Wie gut ein Unternehmen wirklich ist, zeigt sich erst, wenn es unter Stress gerät. Deswegen führt die Bankenaufsicht ja z. B. Stresstests durch, in denen Krisensituationen für Großbanken simuliert werden, um beizeiten Vorkehrungen gegen weitere Zusammenbrüche von sogenannten „systemrelevanten“ Kreditinstituten zu treffen. Wobei „systemrelevant“ in der Euro- und Bankenkrise ja ein Synonym für „too big to fail“ war – also ein Bank oder ein Unternehmen, das so groß ist, dass sein Zusammenbruch zwangsläufig viele andere mit in den Abgrund reißt und es deswegen gerettet werden muss.

Heute sind „systemrelevant“ ja nicht mehr die großen Unternehmen, sondern die kleinen Leute, die in meist schlecht bezahlten Berufen Wirtschaft und Gesellschaft am Laufen halten – das heißt, dass sie auch bei hohem Infektionsrisiko arbeiten müssen, während andere, die vermeintlich nicht „systemrelevant“ seien, wie Gaststätten, Theater und Kinos lange nicht arbeiten durften und sich erst langsam wieder Hoffnung machen könne, zu einem wenigstens eingeschränkten Betrieb zurückkehren zu können.

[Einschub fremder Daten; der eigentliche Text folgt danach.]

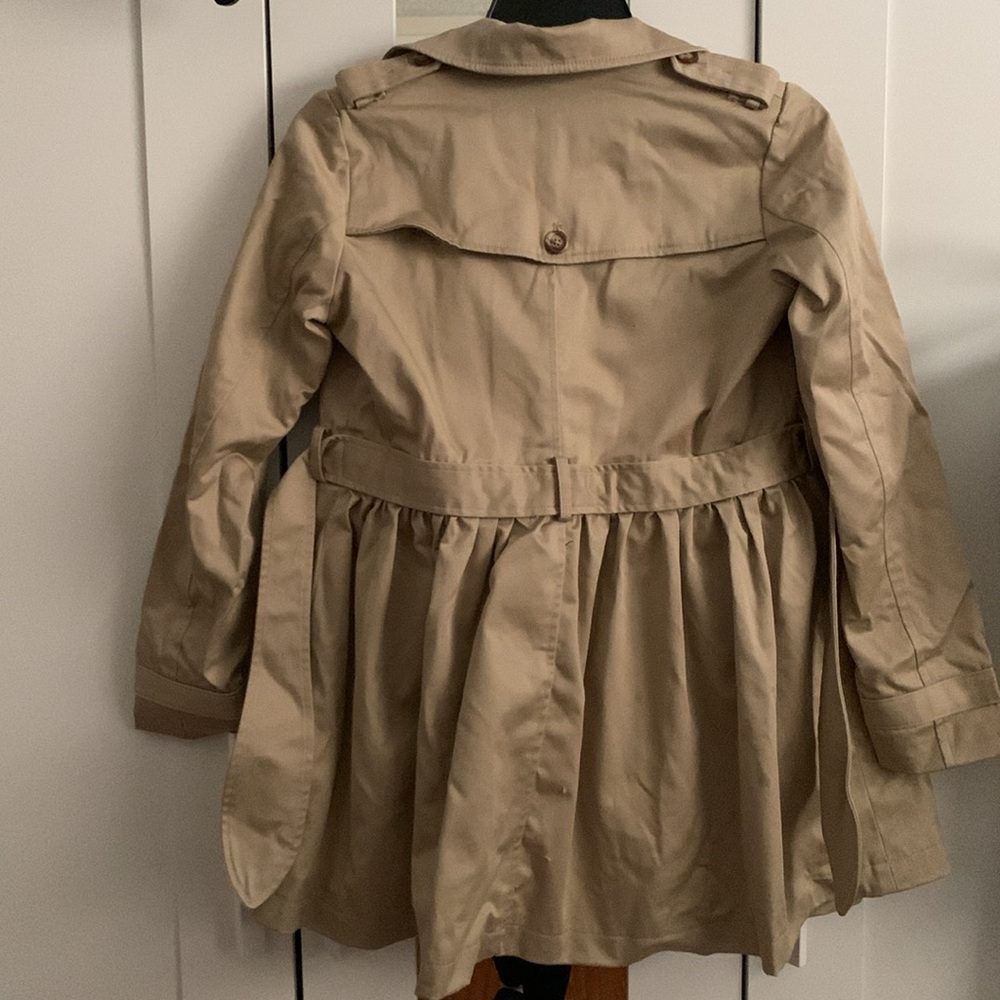 Girls Trench Coat. - Picture 2 of 3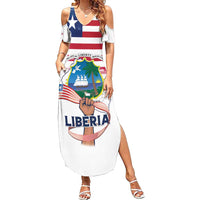 Personalised Liberia Flag Day Family Matching Summer Maxi Dress and Hawaiian Shirt Our Flag Our Pride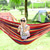 cheap Camping Furniture-Camping Hammock with Hardwood Spreader Outdoor Portable High Strength Compact Durable Folding Canvas for 1 person Camping / Hiking Hunting Fishing Stripes Orange / Green Fuchsia Blue+White 200*80 cm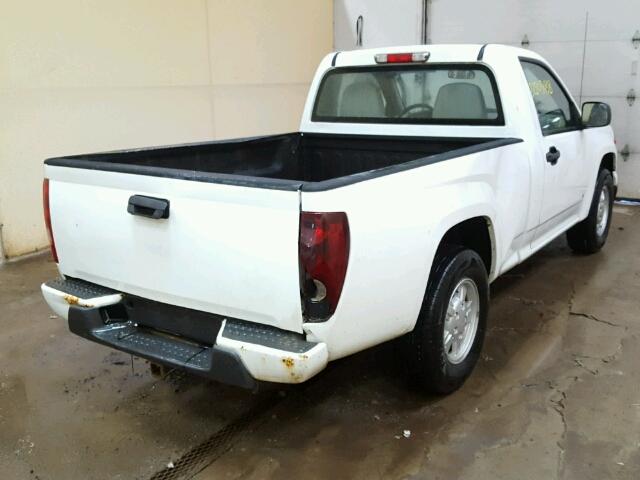 1GCCS249488186571 - 2008 CHEVROLET COLORADO L WHITE photo 4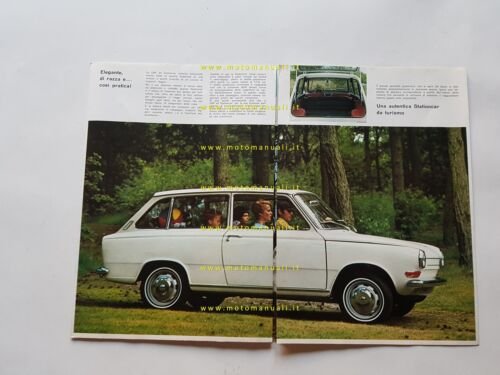 DAF 44 Stationcar 1966 depliant italiano originale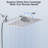 10" Shower : High Rainfall & Handheld With 11" Arm, 6 Modes, Non-Leaking, Stainless Steel, Wall Mount, Square Showerhead, Adjustable Flow Head Bundle: 10 Inch 11 Settings, Leak Design, Corrosion-121245127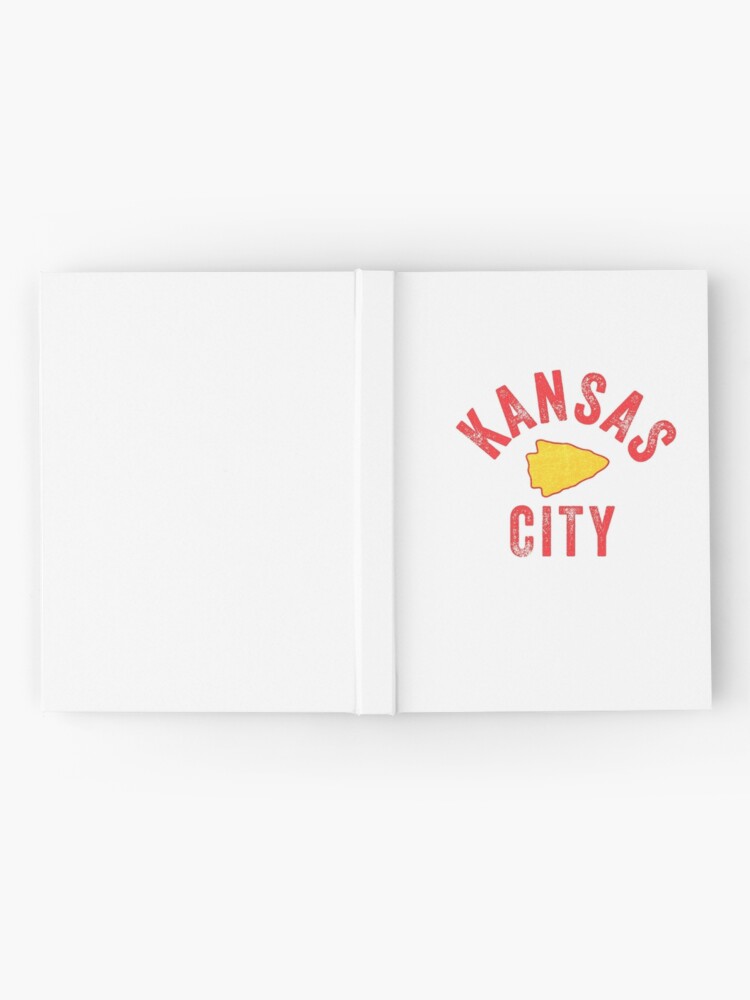 Alternate view of KC Football Tribal Gear Arrowhead Kansas City Vintage Kc Fan Local Pro Gear KC Face mask Kansas City facemask Hardcover Journal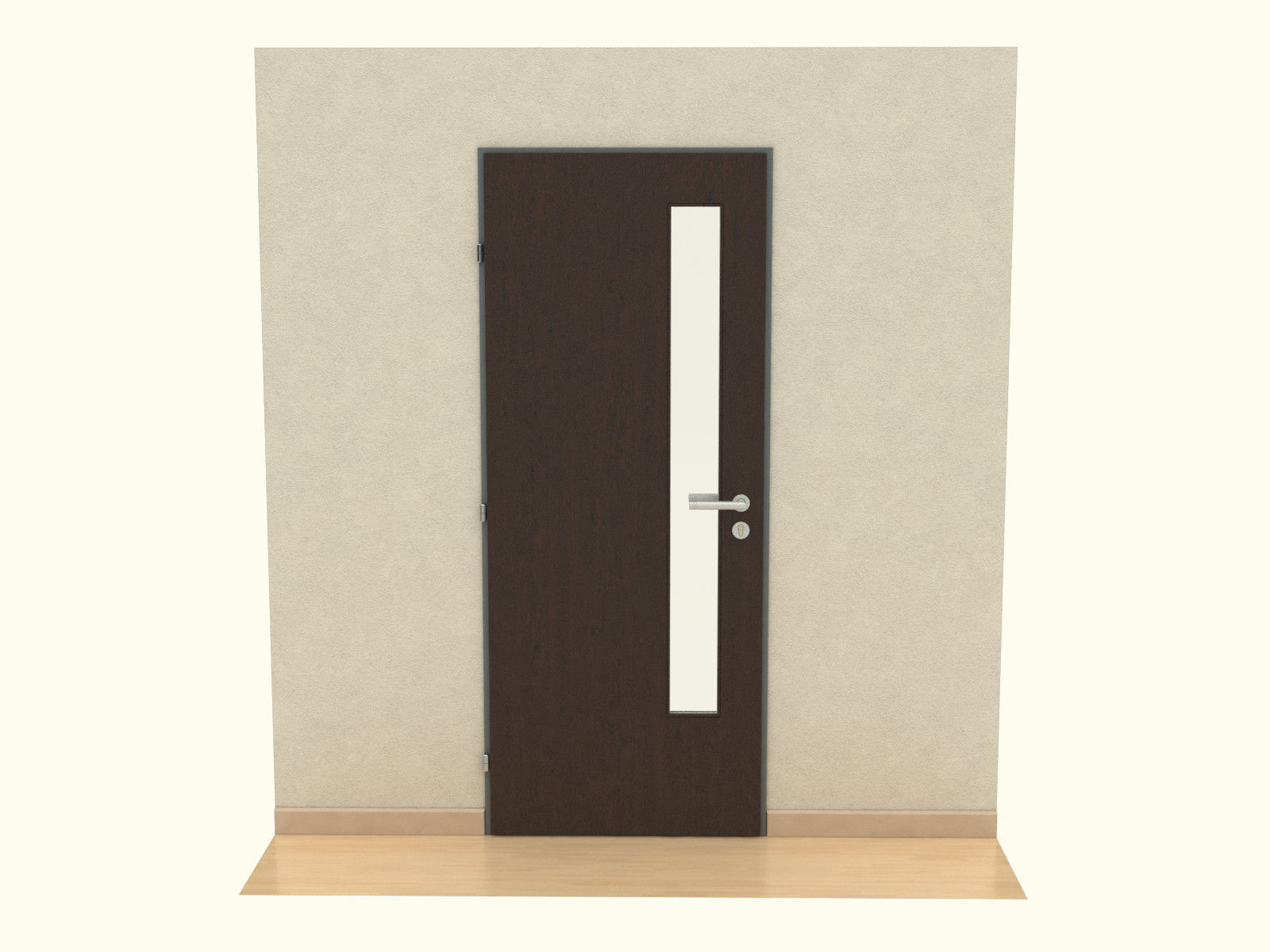 Wooden Door 3D model_3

Auch wir Anwälte sind als Teil der Rechtspflege „systemrelevant“ – d. h. wir durften die ganze Zeit arbeiten. Das ist natürlich einerseits toll, weil uns dann niemand „retten“ muss – andererseits stehen wir vor der Herausforderung, unseren Betrieb pandemiegerecht zu organisieren. Deswegen mussten wir lernen, auch aus der Ferne zu arbeiten und mehr telefonisch und per Video zu beraten, als wir uns das je vorstellen konnten oder wollten. Denn unserem Selbstverständnis als Anwälten entspricht es natürlich, Mandanten unmittelbar von Angesicht zu Angesicht zu beraten – ohne Abstand, Masken oder gar elektronische Hilfsmittel, welche die direkte Kommunikation erschweren. Aber in Zeiten wie diesen passen wir uns natürlich an – zum Wohle der Mandanten und der Allgemeinheit.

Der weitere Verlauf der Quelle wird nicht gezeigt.